Explaining her EP's title, Hanson says she "wanted something really simple because I don't like long-ass titles, and the whole EP is basically like I vomited out my diary."
"I'm just a teenager trying to figure out who the fuck I am."
On Junk, Hanson definitely lets it all hang out, doubling down on what it means for her to be young, in love, booked and busy, and tied to her past. Whereas her previous singles flirted with moody variations of fizzy electro-pop, Junk's sound is an enticing mash-up of current radio pop trends and '90s rock's confessional, raw edges. Hanson says that while forming the record, she listened to male musical idols, from Kevin Abstract to Nirvana. Their influence is clear, in her adoption of BDE swagger and emo's tendency toward melodrama.

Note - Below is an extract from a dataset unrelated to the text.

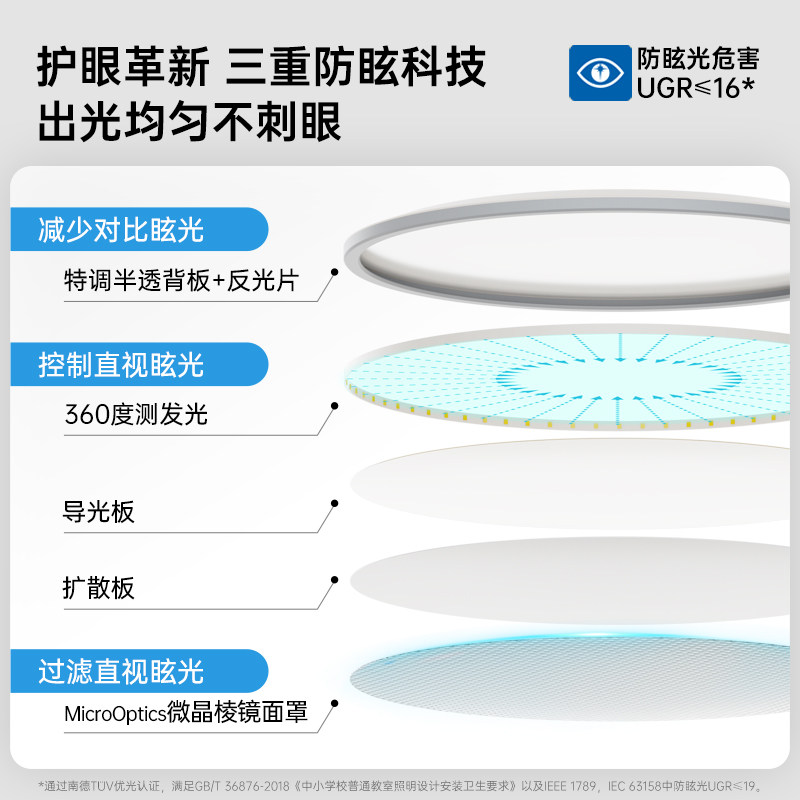 飞利浦吸顶灯灯具主卧灯卧室灯客厅卧室房间灯儿童护眼灯超薄顶灯,淘宝优惠券,粉丝福利购,淘宝优惠卷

Still, Hanson creates her own style on Junk. "Bored With You" is a heart-eyed stunner about the simple, fuck-it-all pleasure of long and lazy days spent with a lover. (Stay for the beatboxing, which kicks off a playful streak running throughout the EP.) "Back In My Arms" is like your favorite late-'90s, early-2000s pop-punk band's anthems of longing. Hanson even cops an emo croon for the lyrics: "All we have is on the phone/ All we have is all I know/ When you hang up, don't let go." That kicks into "WYA," a spirited message in a bottle from Hanson now to her future, world-famous rock star self. "Did the money go straight to your head, girl? Did you grow up a little too fast, girl?" she sings. "Cause if you did, you can always go back, girl." It isn't until "Cigarettes" and "Hazel," the EP's most emotional tracks, that Hanson takes a breather, despite the tough subject matter. "Hazel," for example, is about a friend of Hanson's who was struggling with depression and mental health scares.

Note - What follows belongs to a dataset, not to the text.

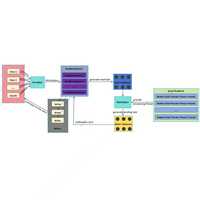 Servicios de Software de Servidor en la Nube para Aplicaciones Personalizables, Arquitectura Netty, UWB, GPS, Gestión de Datos Sincronizada, Reloj Inteligente, Internet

While Hanson's empathy is something to aspire to, the writing sessions for that song were among her toughest. "I really wanted to write about it and you have to be so vulnerable with these strangers sometimes, but I think that produces the best stuff," Hanson says. "It was kind of difficult for me to be so open and then talk about how serious the situation was with my close friend. Since then, I go into sessions way more honest and willing to open up about what's on my mind and heart. It's the only way to make something I can look back on later and be proud of."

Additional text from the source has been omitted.